**DESCRIPTION OF THE TASK**
Your reply should hold exactly the lines from the one that contains "Jack & Jones" through the end of the data. Repeat them word for word.

-----

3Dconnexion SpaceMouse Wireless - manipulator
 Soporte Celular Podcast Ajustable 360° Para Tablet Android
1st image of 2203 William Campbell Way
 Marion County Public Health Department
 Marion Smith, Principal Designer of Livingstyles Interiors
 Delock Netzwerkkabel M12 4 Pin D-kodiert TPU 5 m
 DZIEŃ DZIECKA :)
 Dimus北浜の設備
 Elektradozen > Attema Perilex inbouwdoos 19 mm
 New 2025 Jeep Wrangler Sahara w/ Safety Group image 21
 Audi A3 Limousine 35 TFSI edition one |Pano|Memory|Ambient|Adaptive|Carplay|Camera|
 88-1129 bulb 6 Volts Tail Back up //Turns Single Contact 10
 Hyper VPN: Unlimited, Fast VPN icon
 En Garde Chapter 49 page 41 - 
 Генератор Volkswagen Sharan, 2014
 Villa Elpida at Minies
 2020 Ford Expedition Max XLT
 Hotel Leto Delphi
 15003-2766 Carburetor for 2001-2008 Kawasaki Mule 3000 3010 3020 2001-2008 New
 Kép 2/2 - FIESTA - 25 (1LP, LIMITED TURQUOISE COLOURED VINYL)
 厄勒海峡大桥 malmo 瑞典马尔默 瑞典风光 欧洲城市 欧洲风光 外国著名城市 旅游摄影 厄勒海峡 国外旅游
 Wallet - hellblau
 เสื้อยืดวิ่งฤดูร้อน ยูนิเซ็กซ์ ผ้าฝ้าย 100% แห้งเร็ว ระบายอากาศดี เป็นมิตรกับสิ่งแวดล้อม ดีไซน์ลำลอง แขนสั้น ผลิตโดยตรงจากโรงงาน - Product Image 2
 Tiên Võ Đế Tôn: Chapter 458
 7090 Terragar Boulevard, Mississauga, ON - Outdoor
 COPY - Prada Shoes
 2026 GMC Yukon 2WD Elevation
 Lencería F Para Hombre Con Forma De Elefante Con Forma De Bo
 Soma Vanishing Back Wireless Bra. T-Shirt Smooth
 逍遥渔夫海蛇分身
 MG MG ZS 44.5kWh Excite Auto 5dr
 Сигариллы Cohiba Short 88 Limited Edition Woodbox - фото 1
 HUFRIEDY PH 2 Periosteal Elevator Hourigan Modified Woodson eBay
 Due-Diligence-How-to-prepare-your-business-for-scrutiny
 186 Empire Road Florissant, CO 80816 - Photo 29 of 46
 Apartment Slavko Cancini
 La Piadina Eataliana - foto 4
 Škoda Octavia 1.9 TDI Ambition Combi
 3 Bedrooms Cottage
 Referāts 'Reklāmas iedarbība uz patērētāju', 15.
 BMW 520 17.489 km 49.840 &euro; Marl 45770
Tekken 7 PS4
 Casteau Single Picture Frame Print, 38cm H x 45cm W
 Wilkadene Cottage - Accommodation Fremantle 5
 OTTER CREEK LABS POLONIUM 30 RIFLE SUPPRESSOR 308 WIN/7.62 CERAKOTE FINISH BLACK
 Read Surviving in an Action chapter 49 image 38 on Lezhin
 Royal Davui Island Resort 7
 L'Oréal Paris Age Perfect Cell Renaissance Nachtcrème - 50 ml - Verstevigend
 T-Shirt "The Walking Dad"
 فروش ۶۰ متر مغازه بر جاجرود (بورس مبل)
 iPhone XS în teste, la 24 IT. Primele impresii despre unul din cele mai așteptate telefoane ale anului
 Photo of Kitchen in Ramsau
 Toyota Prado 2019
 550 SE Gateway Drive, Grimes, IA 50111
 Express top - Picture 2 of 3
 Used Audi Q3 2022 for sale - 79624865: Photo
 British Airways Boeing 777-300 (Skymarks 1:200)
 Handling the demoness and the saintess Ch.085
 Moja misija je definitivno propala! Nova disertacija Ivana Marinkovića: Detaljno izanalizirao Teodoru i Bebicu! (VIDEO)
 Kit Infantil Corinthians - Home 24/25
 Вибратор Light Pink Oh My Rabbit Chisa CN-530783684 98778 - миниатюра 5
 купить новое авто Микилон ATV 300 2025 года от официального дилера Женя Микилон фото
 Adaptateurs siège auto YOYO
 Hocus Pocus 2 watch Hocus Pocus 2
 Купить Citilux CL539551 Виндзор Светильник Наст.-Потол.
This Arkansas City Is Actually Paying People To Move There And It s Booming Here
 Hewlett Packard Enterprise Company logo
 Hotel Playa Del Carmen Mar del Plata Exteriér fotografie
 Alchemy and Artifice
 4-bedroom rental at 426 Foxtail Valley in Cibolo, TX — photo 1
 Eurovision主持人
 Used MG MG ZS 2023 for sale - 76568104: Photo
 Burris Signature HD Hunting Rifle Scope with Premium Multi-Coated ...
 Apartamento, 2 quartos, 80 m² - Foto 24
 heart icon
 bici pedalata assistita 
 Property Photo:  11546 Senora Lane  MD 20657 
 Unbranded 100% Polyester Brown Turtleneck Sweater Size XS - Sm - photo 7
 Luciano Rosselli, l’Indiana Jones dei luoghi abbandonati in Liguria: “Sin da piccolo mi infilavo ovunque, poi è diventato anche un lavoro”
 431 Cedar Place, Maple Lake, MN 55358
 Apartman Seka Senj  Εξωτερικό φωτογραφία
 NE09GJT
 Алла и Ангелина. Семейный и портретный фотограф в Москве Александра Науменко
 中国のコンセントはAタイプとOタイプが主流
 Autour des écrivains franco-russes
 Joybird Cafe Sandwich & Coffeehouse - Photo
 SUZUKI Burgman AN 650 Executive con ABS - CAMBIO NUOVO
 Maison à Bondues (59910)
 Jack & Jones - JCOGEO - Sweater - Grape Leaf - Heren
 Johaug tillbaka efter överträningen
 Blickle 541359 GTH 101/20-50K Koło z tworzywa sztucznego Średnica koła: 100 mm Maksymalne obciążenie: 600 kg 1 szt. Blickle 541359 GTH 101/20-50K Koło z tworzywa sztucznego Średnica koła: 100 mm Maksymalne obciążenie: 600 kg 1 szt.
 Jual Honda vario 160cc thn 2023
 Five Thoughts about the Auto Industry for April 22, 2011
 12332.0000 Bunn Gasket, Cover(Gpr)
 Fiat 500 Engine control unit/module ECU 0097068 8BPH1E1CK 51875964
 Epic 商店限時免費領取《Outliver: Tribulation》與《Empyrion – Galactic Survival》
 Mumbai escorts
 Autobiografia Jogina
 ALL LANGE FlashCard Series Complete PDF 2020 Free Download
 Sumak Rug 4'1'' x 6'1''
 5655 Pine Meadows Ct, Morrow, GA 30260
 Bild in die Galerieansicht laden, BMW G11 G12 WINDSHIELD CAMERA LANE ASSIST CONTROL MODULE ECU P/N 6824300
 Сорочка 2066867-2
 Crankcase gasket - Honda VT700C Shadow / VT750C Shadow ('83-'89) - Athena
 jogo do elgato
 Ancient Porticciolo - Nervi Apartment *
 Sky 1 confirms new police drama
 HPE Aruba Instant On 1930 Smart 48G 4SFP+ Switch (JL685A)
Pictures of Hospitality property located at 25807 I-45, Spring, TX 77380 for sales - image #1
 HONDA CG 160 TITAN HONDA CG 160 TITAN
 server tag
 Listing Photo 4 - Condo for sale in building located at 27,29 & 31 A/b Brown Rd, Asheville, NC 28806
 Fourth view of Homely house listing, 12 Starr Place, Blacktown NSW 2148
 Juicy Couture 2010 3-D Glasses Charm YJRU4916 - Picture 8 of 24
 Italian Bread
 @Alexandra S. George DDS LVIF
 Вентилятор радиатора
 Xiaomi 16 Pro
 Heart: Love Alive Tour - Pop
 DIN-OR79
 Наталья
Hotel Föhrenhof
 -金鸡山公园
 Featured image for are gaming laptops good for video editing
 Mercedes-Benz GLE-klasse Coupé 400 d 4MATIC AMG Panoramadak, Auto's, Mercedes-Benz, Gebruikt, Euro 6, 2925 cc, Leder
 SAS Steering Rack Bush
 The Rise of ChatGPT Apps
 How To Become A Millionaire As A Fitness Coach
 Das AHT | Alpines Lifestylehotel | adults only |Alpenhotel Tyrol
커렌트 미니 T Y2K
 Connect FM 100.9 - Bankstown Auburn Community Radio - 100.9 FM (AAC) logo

-----

**EXERCISE OUTPUT**
 Jack & Jones - JCOGEO - Sweater - Grape Leaf - Heren
 Johaug tillbaka efter överträningen
 Blickle 541359 GTH 101/20-50K Koło z tworzywa sztucznego Średnica koła: 100 mm Maksymalne obciążenie: 600 kg 1 szt. Blickle 541359 GTH 101/20-50K Koło z tworzywa sztucznego Średnica koła: 100 mm Maksymalne obciążenie: 600 kg 1 szt.
 Jual Honda vario 160cc thn 2023
 Five Thoughts about the Auto Industry for April 22, 2011
 12332.0000 Bunn Gasket, Cover(Gpr)
 Fiat 500 Engine control unit/module ECU 0097068 8BPH1E1CK 51875964
 Epic 商店限時免費領取《Outliver: Tribulation》與《Empyrion – Galactic Survival》
 Mumbai escorts
 Autobiografia Jogina
 ALL LANGE FlashCard Series Complete PDF 2020 Free Download
 Sumak Rug 4'1'' x 6'1''
 5655 Pine Meadows Ct, Morrow, GA 30260
 Bild in die Galerieansicht laden, BMW G11 G12 WINDSHIELD CAMERA LANE ASSIST CONTROL MODULE ECU P/N 6824300
 Сорочка 2066867-2
 Crankcase gasket - Honda VT700C Shadow / VT750C Shadow ('83-'89) - Athena
 jogo do elgato
 Ancient Porticciolo - Nervi Apartment *
 Sky 1 confirms new police drama
 HPE Aruba Instant On 1930 Smart 48G 4SFP+ Switch (JL685A)
Pictures of Hospitality property located at 25807 I-45, Spring, TX 77380 for sales - image #1
 HONDA CG 160 TITAN HONDA CG 160 TITAN
 server tag
 Listing Photo 4 - Condo for sale in building located at 27,29 & 31 A/b Brown Rd, Asheville, NC 28806
 Fourth view of Homely house listing, 12 Starr Place, Blacktown NSW 2148
 Juicy Couture 2010 3-D Glasses Charm YJRU4916 - Picture 8 of 24
 Italian Bread
 @Alexandra S. George DDS LVIF
 Вентилятор радиатора
 Xiaomi 16 Pro
 Heart: Love Alive Tour - Pop
 DIN-OR79
 Наталья
Hotel Föhrenhof
 -金鸡山公园
 Featured image for are gaming laptops good for video editing
 Mercedes-Benz GLE-klasse Coupé 400 d 4MATIC AMG Panoramadak, Auto's, Mercedes-Benz, Gebruikt, Euro 6, 2925 cc, Leder
 SAS Steering Rack Bush
 The Rise of ChatGPT Apps
 How To Become A Millionaire As A Fitness Coach
 Das AHT | Alpines Lifestylehotel | adults only |Alpenhotel Tyrol
커렌트 미니 T Y2K
 Connect FM 100.9 - Bankstown Auburn Community Radio - 100.9 FM (AAC) logo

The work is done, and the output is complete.